Data excerpts:
= = = = = = =
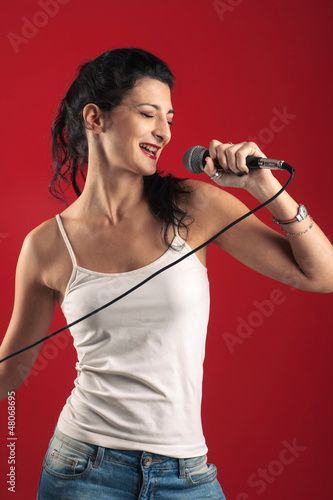 Photo: Beautiful girl singing with microphone against red background. Beautiful girl singing with microphone against red background.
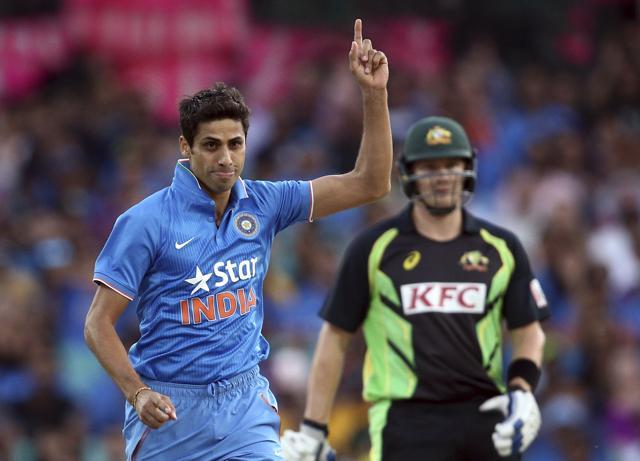 Indian bowler Ashish Nehra points up to the air as he celebrates taking the wicket of Australia's Usman Khawaja during their T20 International cricket match in Sydney. (AP Photo)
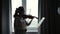 Beautiful young woman violinist plays the violin at home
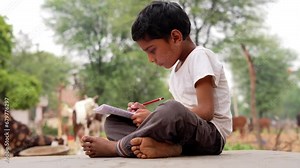 Doing homework after school, Schoolboy is sitting on the bench in the park and writing in a book. A little boy is doing his homework in nature
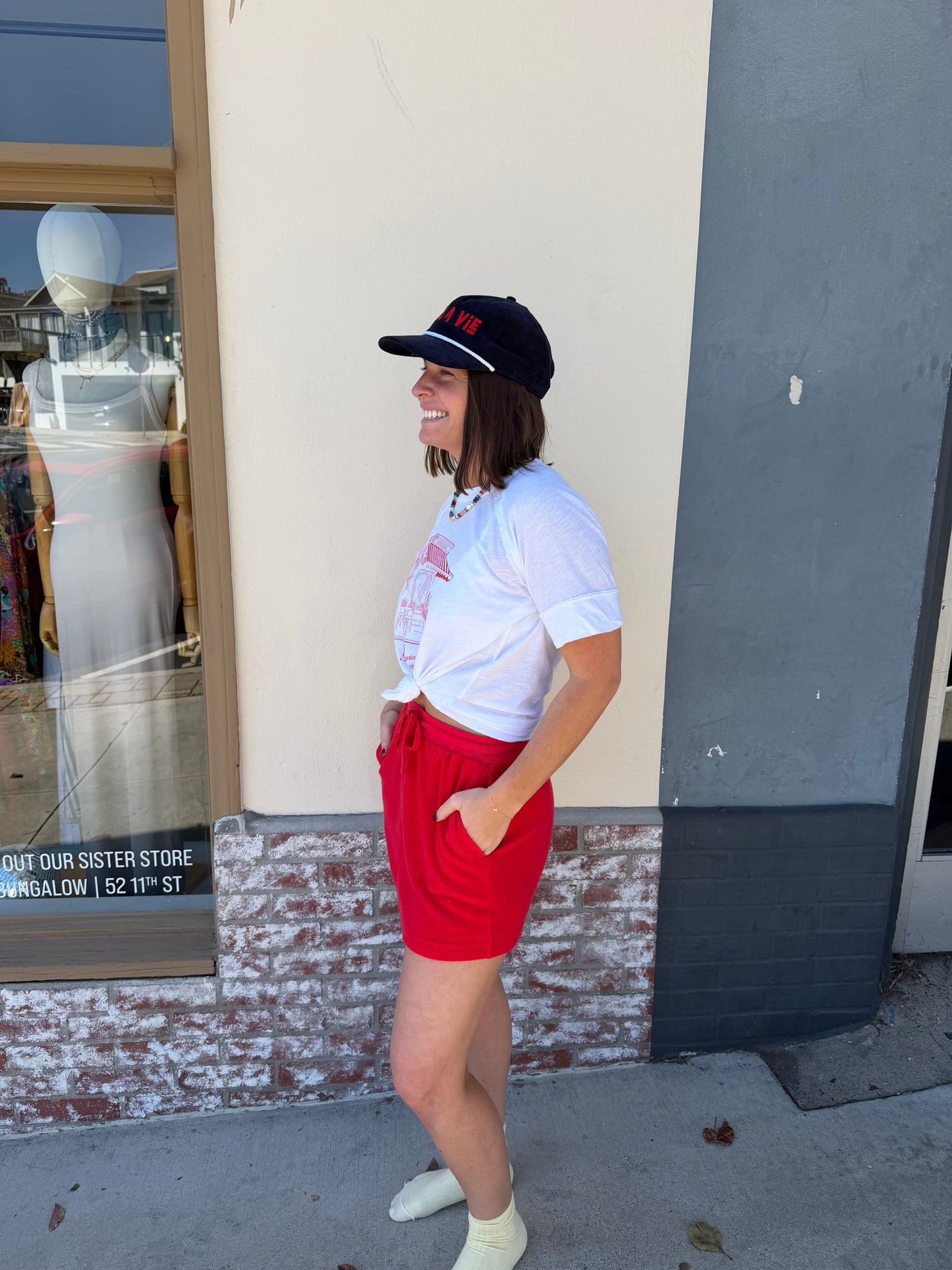 Woman wearing a white T-shirt and vermillion terry mini skirt stands outside, smiling with hands in her pockets.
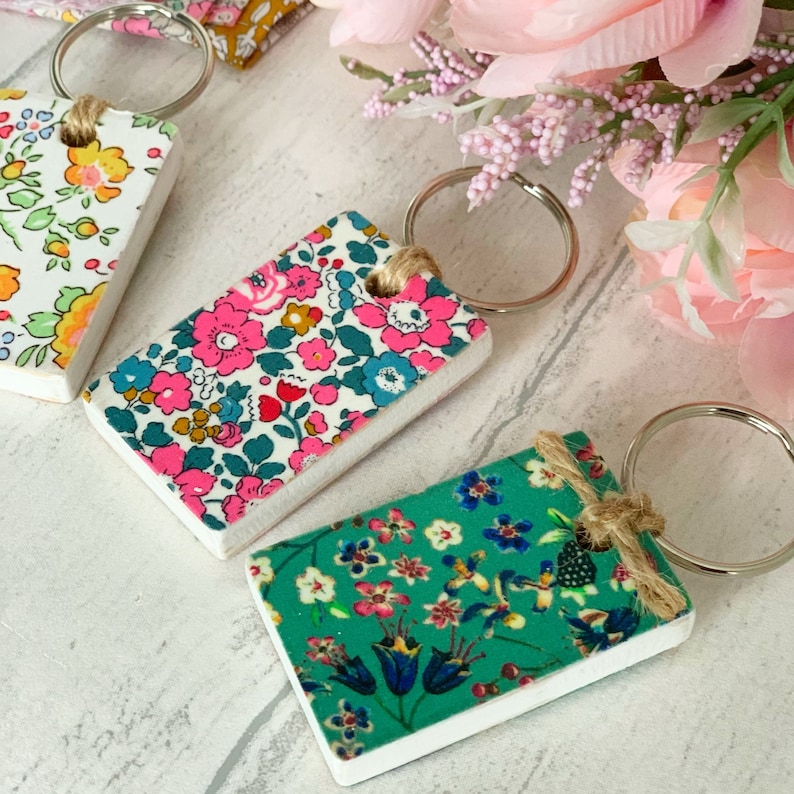 May include: Three floral patterned keychains with silver key rings. The keychains are rectangular and have a white background with colorful floral patterns.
= = = = = = =
Write out exactly the lines from the one containing "Doing homework after" through the end of the entries, both included. Pictures are not copied.

■ REPLY TO THE TASK ■
 Doing homework after school, Schoolboy is sitting on the bench in the park and writing in a book. A little boy is doing his homework in nature
 Woman wearing a white T-shirt and vermillion terry mini skirt stands outside, smiling with hands in her pockets.
 May include: Three floral patterned keychains with silver key rings. The keychains are rectangular and have a white background with colorful floral patterns.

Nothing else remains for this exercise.